Mouvement argumentatif

(1) Formule centrale : pour un objet manufacturé (un coupe-papier), l'essence (le concept d'un coupe-papier dans l'esprit de l'artisan) précède l'existence (la fabrication). Pour l'homme — s'il n'y a pas de Dieu créateur — c'est l'inverse : il existe d'abord, surgit comme néant, puis se définit. (2) Conséquences immédiates. (a) Subjectivité : l'homme se choisit. (b) Responsabilité : choisissant, je choisis aussi pour tous les hommes une certaine image de ce qu'est l'humain — d'où l'angoisse. (c) Délaissement : aucune valeur ne préexiste, je dois inventer les valeurs sans soutien. (d) Désespoir : je ne peux compter que sur ce qui dépend de ma volonté. (3) Cas de l'élève : un jeune homme demande à Sartre s'il doit partir combattre en Angleterre (servir une cause générale) ou rester avec sa mère (servir un être singulier). Aucune morale ne tranche. Aucune intuition non plus — l'intuition n'existe que dans l'acte. Il faut choisir, et inventer la valeur dans le choix. (4) Anti-objection : non, ce n'est pas l'arbitraire ; le choix engage l'humanité entière, donc une exigence de cohérence. (5) Conclusion humaniste : il n'y a pas d'humanisme du genre humain (cult de l'Homme avec majuscule) mais un humanisme du dépassement — l'homme est toujours hors de lui-même, en projet.

Concepts-clés

Discussion

Le texte a suscité des objections vives. (a) Critique marxiste (Lukács, le PCF) : la liberté abstraite sartrienne ignore les conditions matérielles. On ne "choisit" pas dans le vide.
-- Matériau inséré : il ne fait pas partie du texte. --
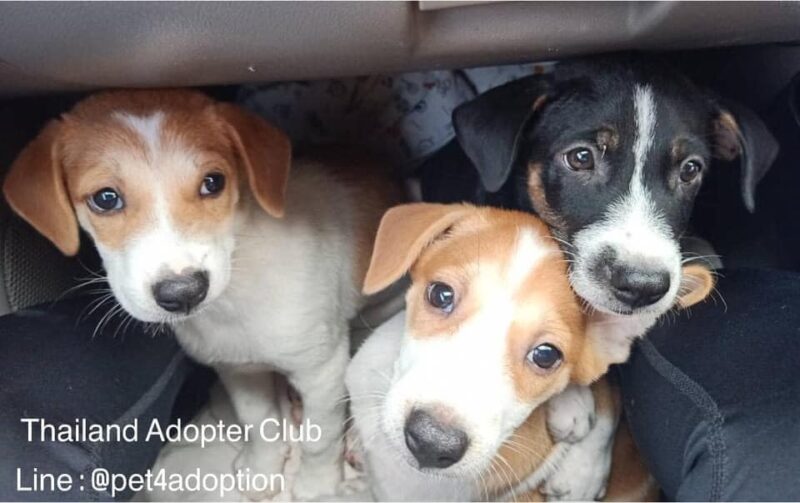 Thailand Adopter Club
Sartre intégrera cette critique dans la Critique de la raison dialectique (1960). (b) Critique chrétienne (Maritain, Marcel) : sans transcendance, le choix est arbitraire ; l'humanisme sartrien est un nihilisme déguisé. (c) Critique anthropologique (Lévi-Strauss, structuralisme) : le "sujet libre" est une illusion — l'humain est traversé par des structures (langue, parenté, inconscient) qu'il ne choisit pas. (d) Critique féministe (Beauvoir, malgré sa proximité) : la liberté n'est pas équivalente pour tous ; les conditions matérielles d'exercice diffèrent radicalement selon le genre, la race, la classe. (e) Tension interne : si l'existence précède l'essence, comment fonder une exigence d'universalité ("je choisis pour tous") ? Sartre répond par l'idée d'une exigence formelle de cohérence du projet, mais l'argument reste fragile.

Usages en dissertation

Central sur la liberté (liberté absolue, condition de l'humain — contre le déterminisme et l'essentialisme), la conscience (la conscience comme néant, ouverture, projet), autrui (être-pour-autrui : autrui me regarde et m'objective), le devoir (sans valeurs préétablies, comment fonder l'obligation ?). Sur le bonheur : l'existentialisme refuse le bonheur comme idéal — il y a la responsabilité, l'angoisse, l'authenticité, non le bonheur. Sur le travail : choisir son métier, c'est se choisir comme un certain humain. Erreurs fréquentes : confondre liberté sartrienne avec libre arbitre cartésien (la liberté est situation, pas indifférence) ; faire de Sartre un théoricien du "n'importe quoi". Articulation utile : Sartre contre Freud (liberté contre inconscient) ; Sartre/Kant (universalisation du choix) ; Sartre/Marx (synthèse tentée dans la Critique).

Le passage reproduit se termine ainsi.